▶ Instructions to follow
What is needed is an exact copy of the whole listing below, with no pictures.

▶ Data provided

____

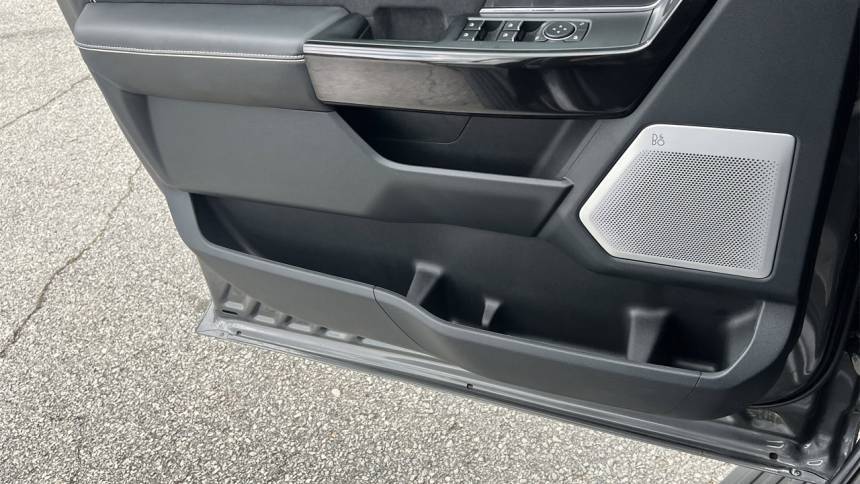 2025 Ford F-150 Lightning - Images - 22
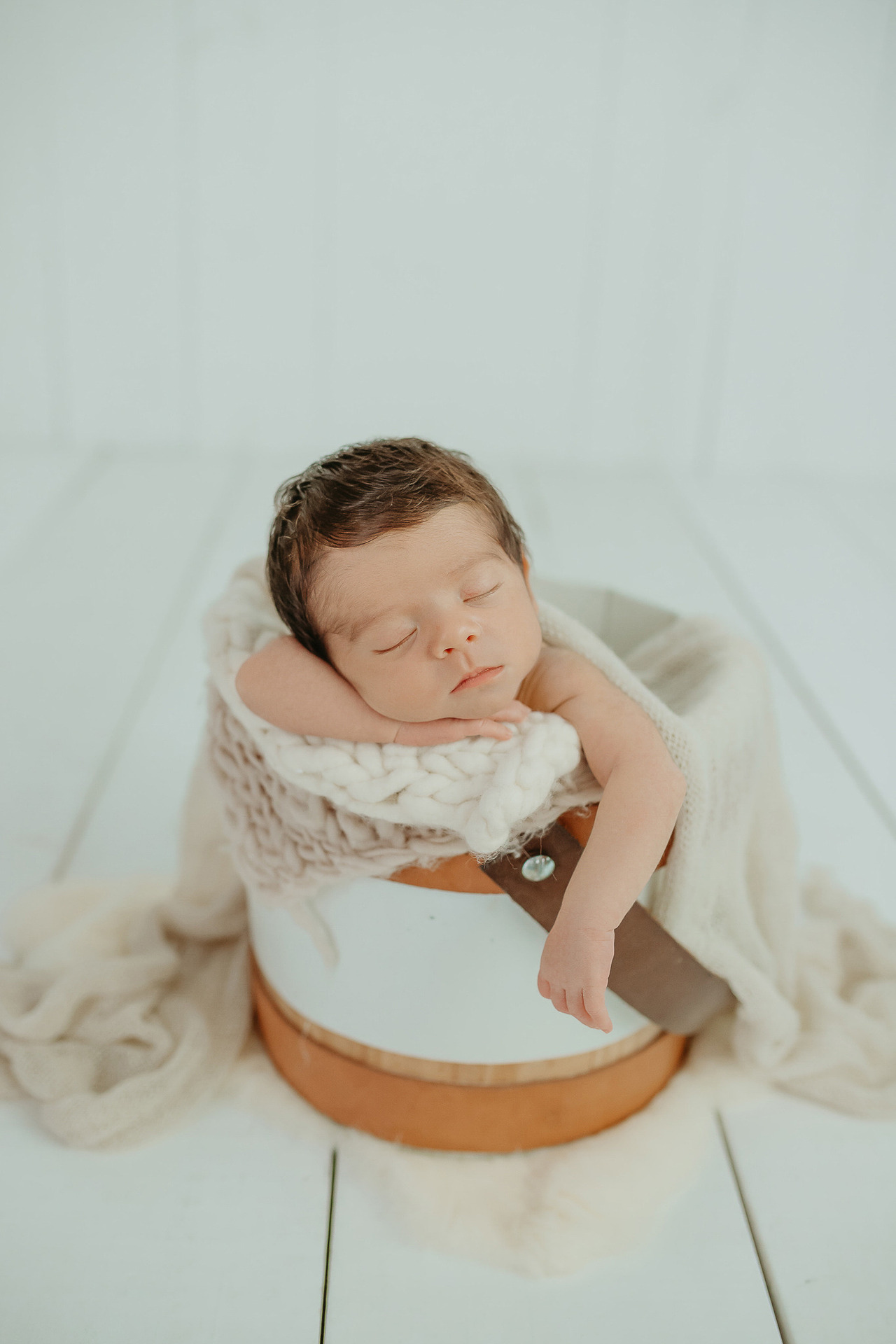 ENSAIO NEWBORN NO ESTÚDIO JUCEMARA HOFFMANN  EM VACARIA RS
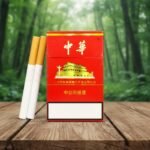 บุหรี่ Chunghwa ซองแข็งสีแดงขอบทอง ดีไซน์คลาสสิก วางบนโต๊ะไม้พร้อมมวนบุหรี่ในบรรยากาศธรรมชาติ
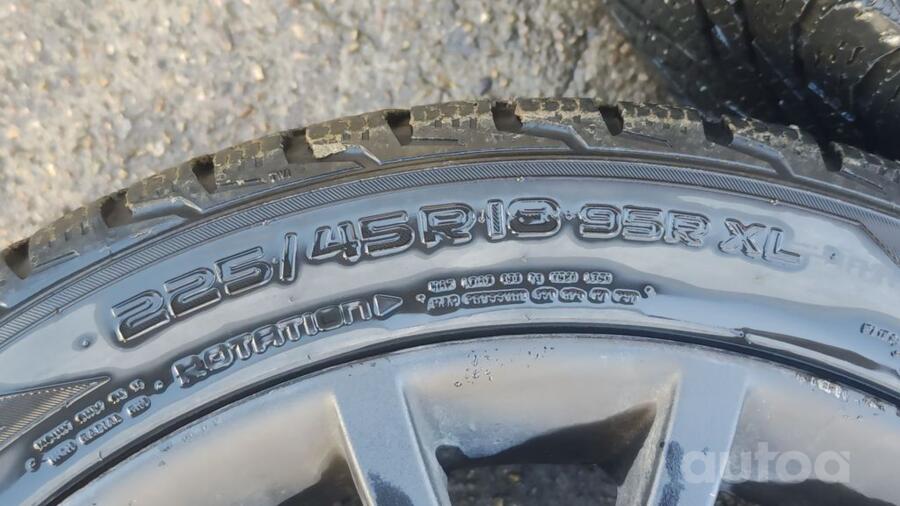 Volvo, light alloy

____

▶ Answer box
 2025 Ford F-150 Lightning - Images - 22
 ENSAIO NEWBORN NO ESTÚDIO JUCEMARA HOFFMANN  EM VACARIA RS
 บุหรี่ Chunghwa ซองแข็งสีแดงขอบทอง ดีไซน์คลาสสิก วางบนโต๊ะไม้พร้อมมวนบุหรี่ในบรรยากาศธรรมชาติ
 Volvo, light alloy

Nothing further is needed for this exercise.